A class-action lawsuit alleges the city of Albuquerque “systematically” pays female workers less per hour than their male counterparts “in most, if not all, positions.”
Among rank-and-file, or “graded,” employees, women on average make $3 less per hour, according to the suit.
Among at-will, or “ungraded,” employees, women make $6 less per hour.
And the four female evidence technicians who filed the lawsuit say they are, on average, making $1.84 per hour less than men in the same jobs.
“The law requires the same work for the same pay under the same conditions, and these folks are all doing the same job,” attorney Matthew Garcia, who is representing the plaintiffs, said of the city’s evidence technicians, who work in the Albuquerque Police Department.
The lawsuit, filed last week in state District Court, alleges the city is violating the state’s Fair Pay for Women Act, which prohibits employers from paying different wages for equal work in jobs requiring equal skill, effort and responsibility. The pay rates, the lawsuit says, are not the result of a seniority or merit system, and the city has no basis to “justify the disparate payment or wages between male and female employees.”

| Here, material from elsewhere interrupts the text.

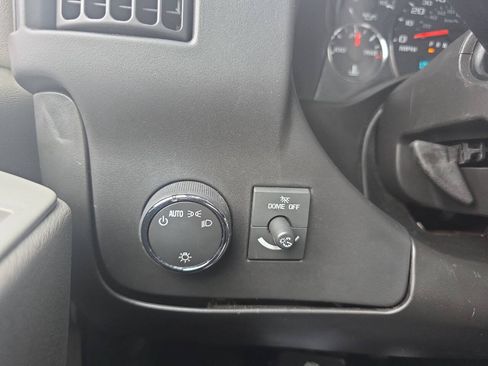 Used 2014 Chevrolet Express 3500 LS RWD image 12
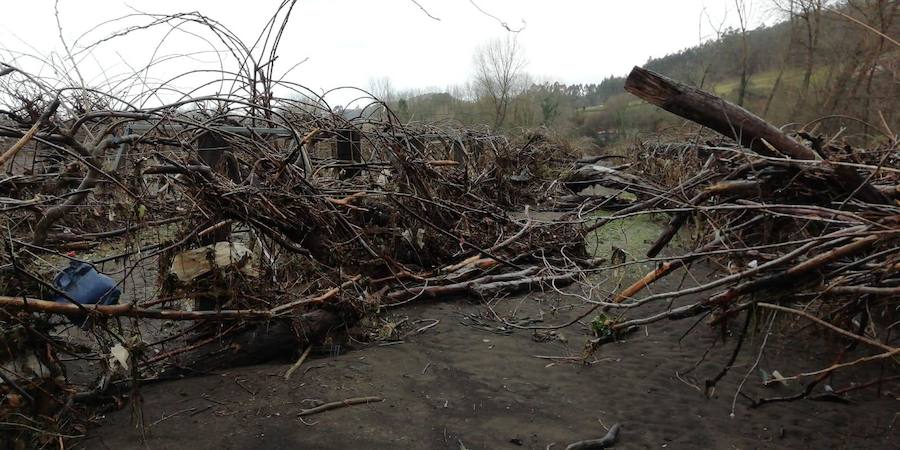 Las fuertes lluvias dejaron los cultivos cubiertos de fango y restos de plásticos y la maquinaria inservible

“A review of publicly available data shows that there are hundreds of women who are paid less than men for similar work under similar conditions,” the lawsuit says.

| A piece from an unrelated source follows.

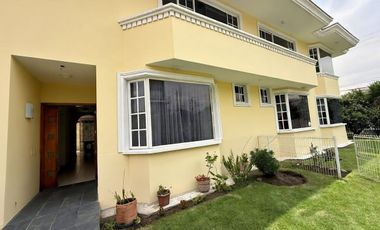 LINDO DEPARTAMENTO CON JARDÍN DE ARRIENDO/ALQUILER EN LA COMARCA CUMBAYÁ!!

In a statement, city spokeswoman Alicia Manzano said she could not comment on the lawsuit, but she said “bridging the gender pay gap is a priority for the mayor.”
The lawsuit was filed by the four evidence technicians “on behalf of themselves and others similarly situated.”
Garcia said one of the women in the lawsuit has been in the same job since 2004, and city records show she still makes less per hour than a few of her male colleagues, one of whom makes $7 an hour more than she does. Garcia said his clients can find no explanation for the disparity.
There’s some suggestion, Garcia said, that city employees who move from higher-paid positions into lower-paid positions are able to maintain their original salaries, which could offer some explanation for the difference.
A 2015 story in the Journal reported that the city estimated its wage disparity was around 7 percent. And according to American Community Survey estimates for 2016, New Mexico women working full time are paid about 82 percent of what men make.
Garcia said an Equal Employment Opportunity Commission investigation is also pending.
Garcia said the plaintiffs want to see their pay increased to match what their male counterparts are receiving, and they want the city to post notice of the violations so that other women employees are aware of them.